• **Activity**: Transcribe the listing in full, excluding any pictures.

• **Stored data**:
####

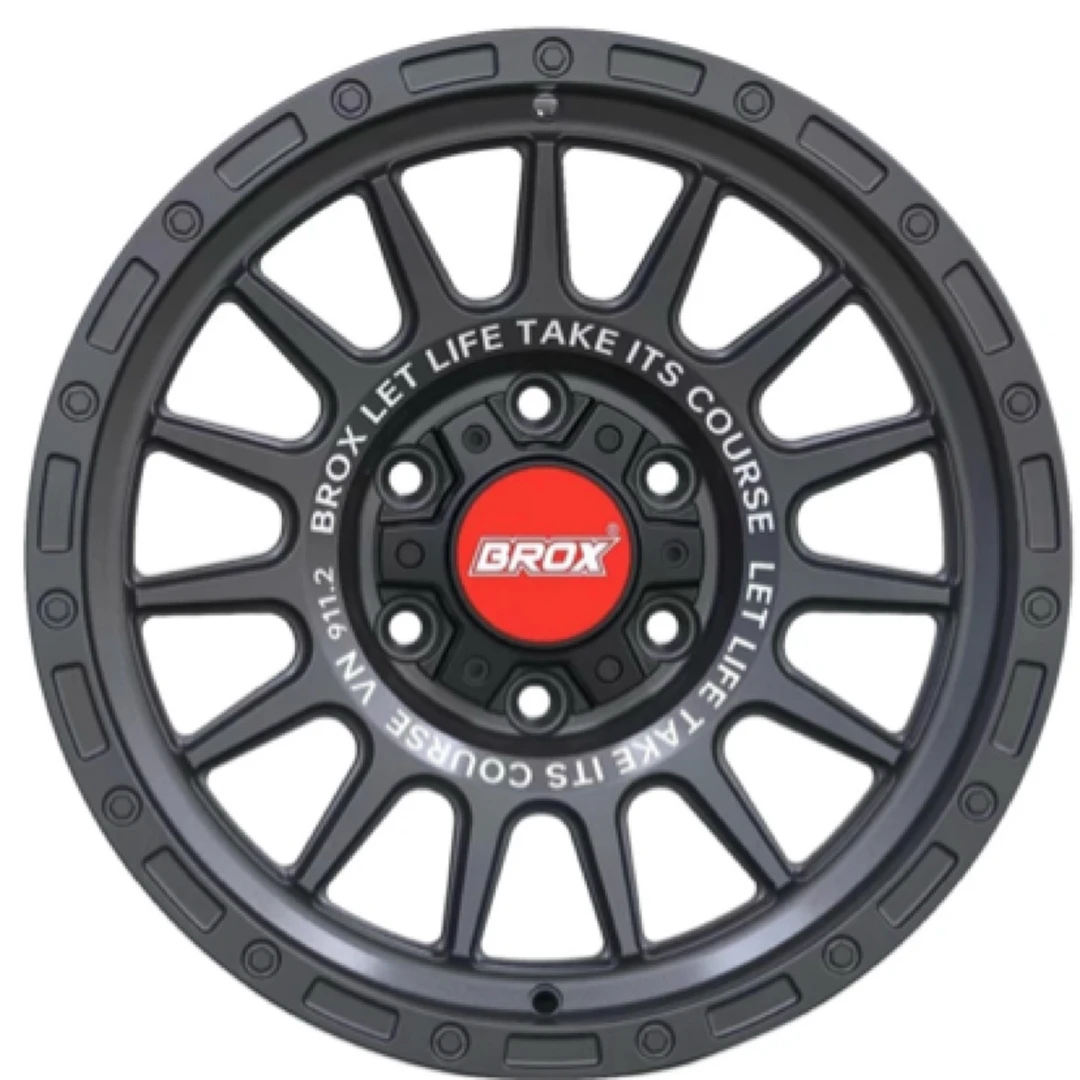 猛犸轮毂飞驰款强力内防脱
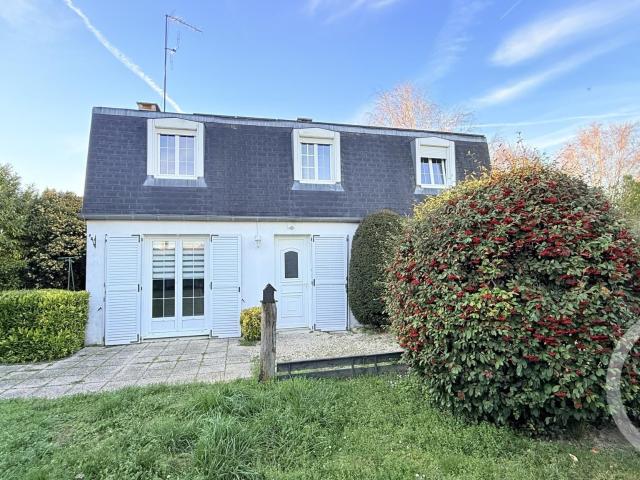Maison 6 pièces 110 m²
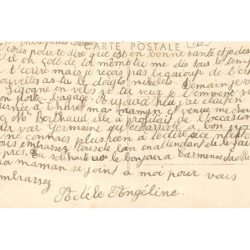 ANAIS : une pensée de anais - tres bon etat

####

• **Answer below**:
 猛犸轮毂飞驰款强力内防脱
Maison 6 pièces 110 m²
 ANAIS : une pensée de anais - tres bon etat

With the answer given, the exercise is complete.